Skip to content

ezpz

✍️ Generate

✍️ `ezpz-generate`¶

[!WARNING] Experimental / not well tested. The flow works in simple cases but has not seen broad coverage—treat as best-effort and be ready to fall back to your own HF script if needed.

Interactive text generation loop for Hugging Face causal language models.

Loads a model and tokenizer via 🤗 transformers
Moves the model to the device detected by ezpz.get_torch_device_type()
Prompts you for text and a max length, then streams a single completion

Usage¶

# direct console script
ezpz-generate --model_name meta-llama/Llama-3.2-1B --dtype bfloat16

# equivalent module form (useful with ezpz launch)
python -m ezpz.examples.generate --model_name TinyLlama/TinyLlama-1.1B-Chat-v1.0
ezpz launch -- python -m ezpz.examples.generate --model_name meta-llama/Llama-3.2-1B

Flags¶

--model_name (default: meta-llama/Llama-3.2-1B): Hugging Face repo/model to load.
--dtype (default: bfloat16, choices: float16|bfloat16|float32): Torch dtype for the model.
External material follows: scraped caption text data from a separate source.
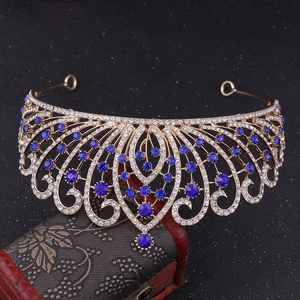 Detail view of Baroque crown with blue rhinestones on a vintage wooden box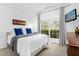 Bright bedroom featuring a large window and a comfortable bed with blue pillows at 8073 Santee Dr, Kissimmee, FL 34747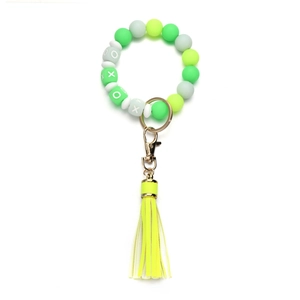 Detail of beaded silicone keychain with yellow tassel and gold-tone lobster clasp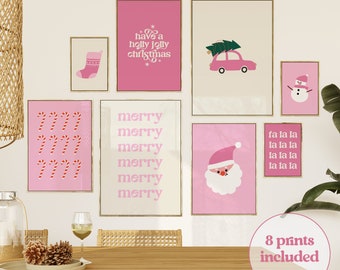 May include: A set of eight framed prints with a festive Christmas theme. The prints feature pink and white designs, including candy canes, a snowman, Santa Claus, and the text "Have a holly jolly Christmas."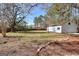 Large, open backyard with a shed, mature trees, and lush grass at 6316 Rockland Rd, Lithonia, GA 30038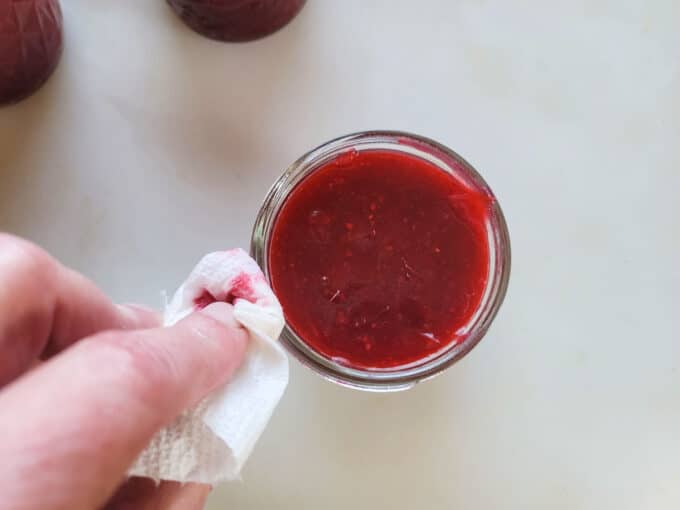 Wiping the jar rim with a paper towel.
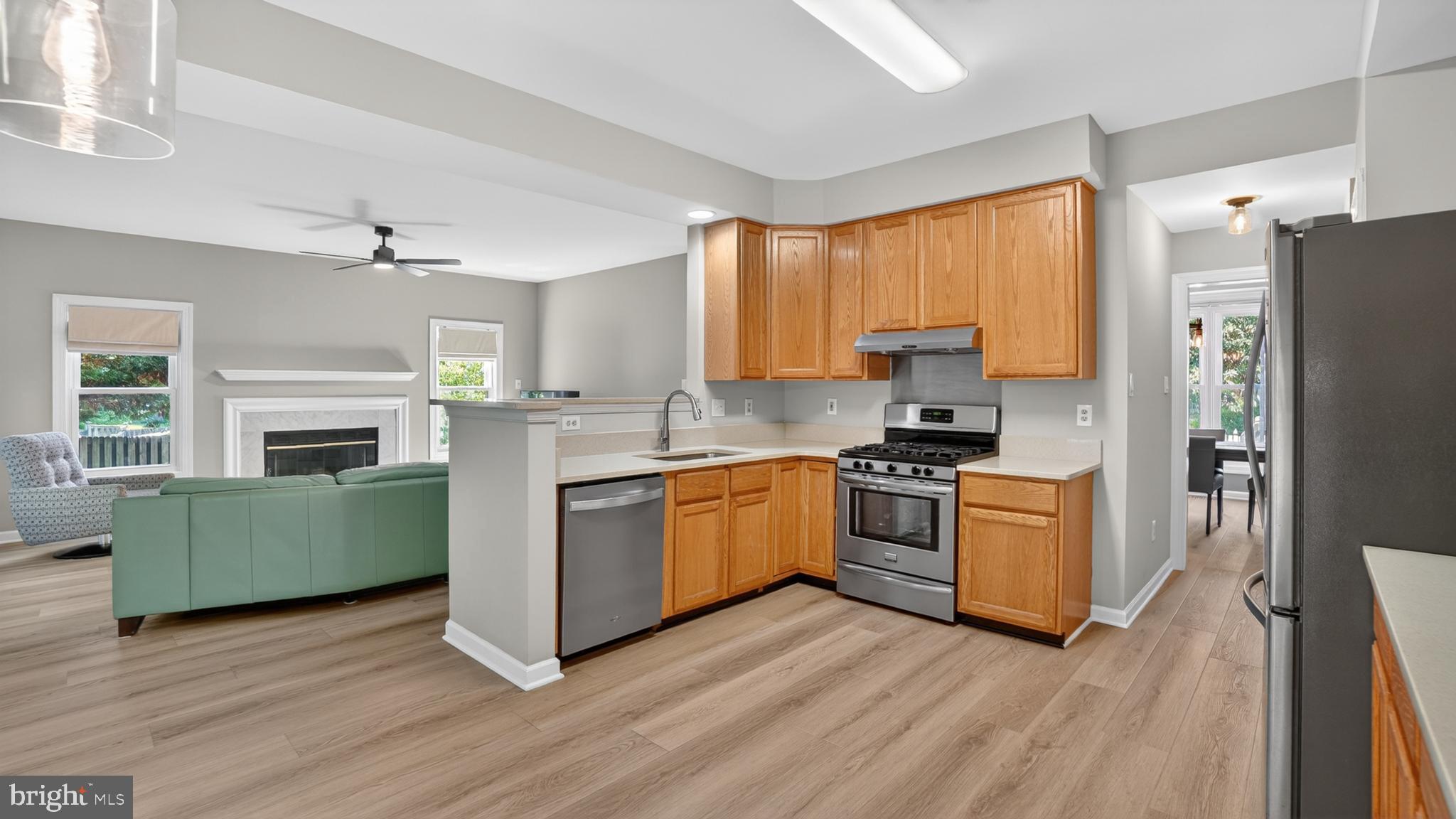 2812 Brite Court Crofton, MD 21114 - Photo 17 of 55 a kitchen with a refrigerator and a stove top oven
At runtime the script will prompt for:

prompt: Text to feed the model.
max length: Token limit passed to model.generate.

Notes¶

Expects torch and transformers to be installed and a compatible accelerator available (GPU strongly recommended).
Tokenizer pad_token is set to eos_token before generation.
Type “exit” at the prompt or press Ctrl+C to quit.